Responsible Parenting-3, Don’t Over Control Lives of Children
I had a cadet in my Division in NDA who was finding it difficult to cope up with the training, both outdoor as well as academics, in the first term. He was particularly weak in Math and Physics- probably a candidate who would have been found just about clearable in ‘Reasoning Ability’ in SSB. On the basis of expert advice of the academic counsellor and my own experience I advised him to shift to the arts stream to avert relegation/withdrawal. He told me that he will decide after consulting his parents. For me this response to the situation was simply stupid. Here was a problem which he as an adult understood. He had the advice of the academic counsellor as well as me. His parents were highly unlikely to have understood the problem as well as the three of us. Yet he wanted the solution from his parents. I am confident that the father, if his son had become the Finance Minister, would have tried to control the nation’s finances because he could not have trusted his son to handle the job without his advice! We have many such parents in India. They do great disservice to their children and the society by their attitude, while trying desperately to be great parents. In this blog I analyze reasons as to why this attitude can only have negative impacts and why parents should give up this attitude.
Get a Realistic Self Concept
Most of us have lacked clarity about our life goals and methods to achieve them. Yet we think that we know better than our children as to how they should lead their lives. This is being unreasonable. Please do not do this. Your actions, good, bad and indifferent will have a profound influence on your children’s lives. Let it be just that. Do not overrate yourself and under rate your children. Please do not over control their lives. This over control is often because we value our social rating as parents above the interests of our children. This leads to a large number of problems for children. Some major ones are discussed.
Rebellion by Children
Over controlling parents lose communication with their children because they do not listen or understand them well. Such parents prescribe solutions to problems before understanding them properly. The solutions are based on their past experience and do not relate to the current environment. As a result the children rebel and do not even take the good advice being offered by the parents and would rather listen to their friends, or some good teacher, if they can trust him. Thus by over controlling you can lose your children totally at the mental level.

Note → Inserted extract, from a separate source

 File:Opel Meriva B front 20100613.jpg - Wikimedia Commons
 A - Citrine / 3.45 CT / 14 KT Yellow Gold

Stunted Growth of Children
A small child, like a small bird, is dependent on the parents. Just observe as to how a bird is in a hurry to see her offspring become independent. All parents owe it to their children that they become physically and mentally independent. In case over controlling parents have mild natured children then they do not rebel, but remain mentally dependent. Such children often lack:
- Self confidence.
- Ability of independent thought and action.
This plays havoc with their later lives. Numerous professional careers and marriages are ruined because of such parents.

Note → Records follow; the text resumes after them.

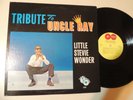 RARE NEAR MINT ORIG TAMLA LABEL # 232 LP - STEVIE WONDER - TRIBUTE TO UNCLE RAY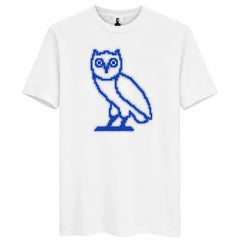 OVO PRINTED OWL T-Shirt WHITE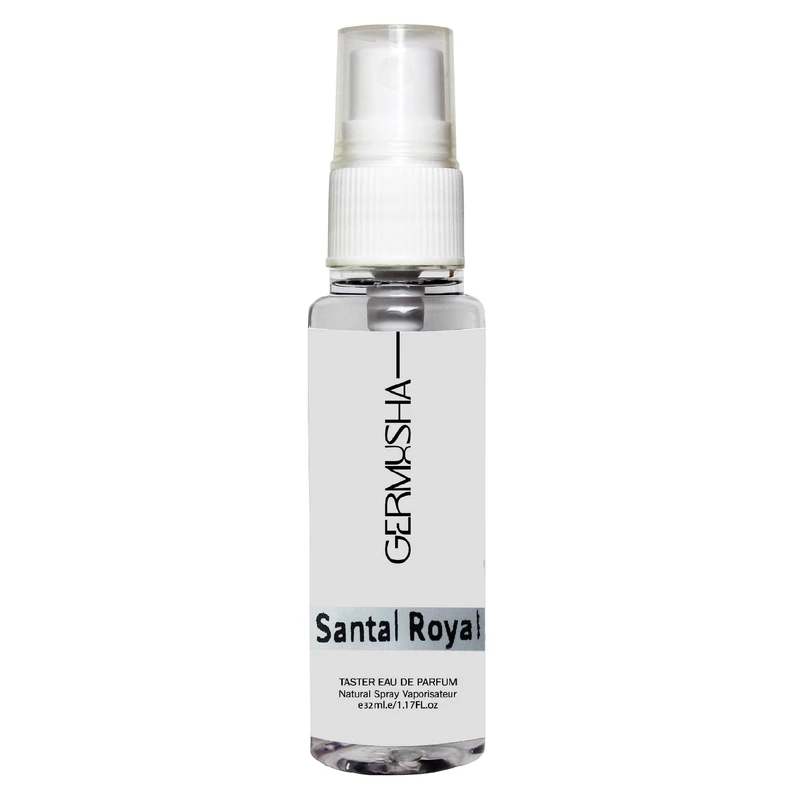 عطر جیبی گرموشا مدل سانتال رویال با رایحه شیرین حجم 32 میلیلیتر - تصویر 2
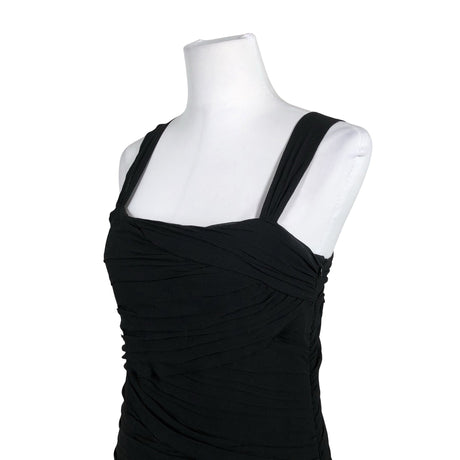 Unisex Ril's - Õhuke kleit, suurus 40 - Must (2)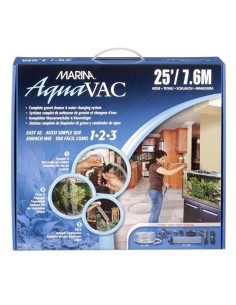 Sifonador Aquavac  7,6 Mts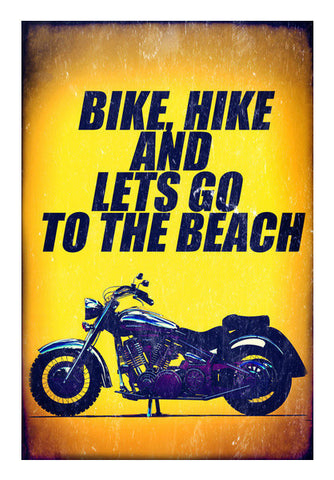 Biker Art PosterGully Specials
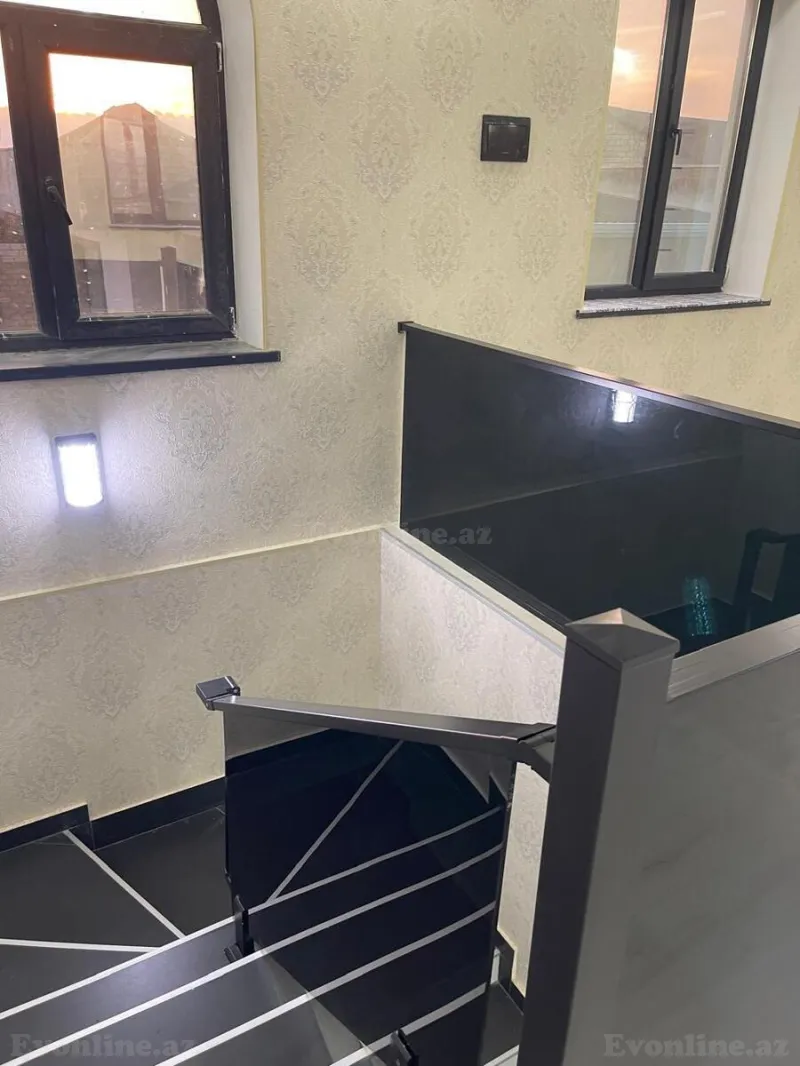 6 otaqlı həyət evi satılır — Hövsan, Bakı - şəkil 22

Conclusion: Don’t Over Control Lives of Children
By over controlling your children you can either cause them to rebel or never gain mental independence. While trying to be well meaning, you have harmed your child’s long term growth and development. Hence whenever you are tempted to dictate without listening or over controlling the lives of your children just be reminded that the long term results of your actions will only be bad! Please have faith in your children and nurture them as nature’s unique creations in accordance with their innate natural aspirations and abilities. Listen to them. Once you listen, they have so much to tell, or share and you can develop great bonding and help them grow.